In one embodiment, the beam 10 includes a body 12 having several individual channels, each provided for a specific purpose. In the shown embodiment, the body 12 of the beam 10 includes a first channel 14, a second channel 16, two third channels 18, 20, two fourth channels 22, 24, and a fifth channel 26. The first channel 14 is formed centrally within the body 12 along the length of the body. The first channel 14 is provided to receive a beam connector, such as beam connector 28, to secure an end of the beam 10 with an end of an adjacently placed beam. The beam connector 28 used to secure the ends of the beams together is described below. The first channel 14 defines a cavity or recess through which a body of the beam connector is secured thereby securing the adjacent beams to one another. As shown, the first channel 14 is a closed channel positioned within a middle or centrally of the body, and includes several inwardly extending flanges, each indicated at 30, which are used to engage and position the body of the beam connector.

The beam connector 28 can be configured to include a body having a cross section that is sized and shaped to fit within the opening formed by the first channel 14. The flanges 30 of the beam 10 are provided to engage an outer surface of the body of the beam connector 28. The arrangement is such that the body of the beam connector 28 can move axially within the opening of the first channel 14, with the flanges 30 preventing lateral movement of the beam 10 with respect to the beam connector. The beam connector 28 can be configured to connect and secure beams that are co-axial with respect to one another or perpendicular with respect to one another to form corners of the air-containment system.

The body 12 of the beam 10 further includes the second channel 16 formed along a side of the body. The second channel 16 is provided to receive a portion, such as panel portion 32, of an air-containment panel, which is described below. The second channel 16 defines a slot that is designed and configured to receive the panel portion 32 of the air-containment panel therein. The air-containment panel is provided to enclose the space defined by the air-containment system. The second channel 16 is an open channel positioned at the side of the body and includes two oppositely positioned open recesses, each indicated at 34, which are used to receive structural elements of the panel portion 32 of the air-containment panel to secure and support the panel portion (and the panel) to the beam 10.

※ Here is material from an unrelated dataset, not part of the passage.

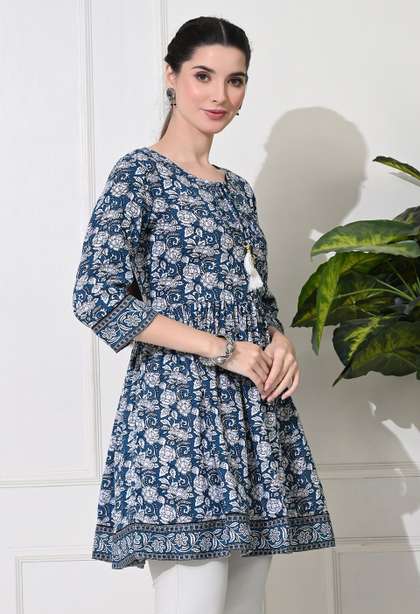 METAFAB Floral Printed Keyhole Neck Anarkali Short Kurti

The panel can be configured to include the panel portion 32, which are disposed on peripheral edges of the panel. Each panel portion 32 has a cross section that is sized and shaped to fit within the second channel 16. Specifically, the panel portion 32 includes features that are sized to fit within the recesses 34 formed in the second channel 16. The panel portion 32 extends from the panel, with the panel forming part of the air-containment system. The arrangement is such that the panel portion 32 of the panel can move axially within the second channel 16, with the features of the panel portion preventing lateral movement of the beam 10 with respect to the panel.

The body 12 of the beam 10 further includes the two third channels 18, 20, which are formed along a top and a bottom of the body, respectively. As shown, the third channel 18 is an upwardly facing open channel provided to receive a ceiling seal portion 36 of a ceiling seal. The third channel 20 is a downwardly facing open channel provided to receive a cabinet seal portion 38 of a cabinet seal. The third channels 18, 20 each define a slot that is designed and configured to receive its respective seal portion 36, 38 thereby creating an airtight seal to contain air within the air-containment system. Third channel 18 includes two oppositely positioned open recesses, each indicated at 40, which are used to receive the ceiling seal portion 36 of the ceiling seal to secure the ceiling seal in place. Similarly, third channel 20 includes two oppositely positioned open recesses, each indicated at 42, which are used to receive cabinet seal portion 38 of the cabinet seal to secure the cabinet seal in place.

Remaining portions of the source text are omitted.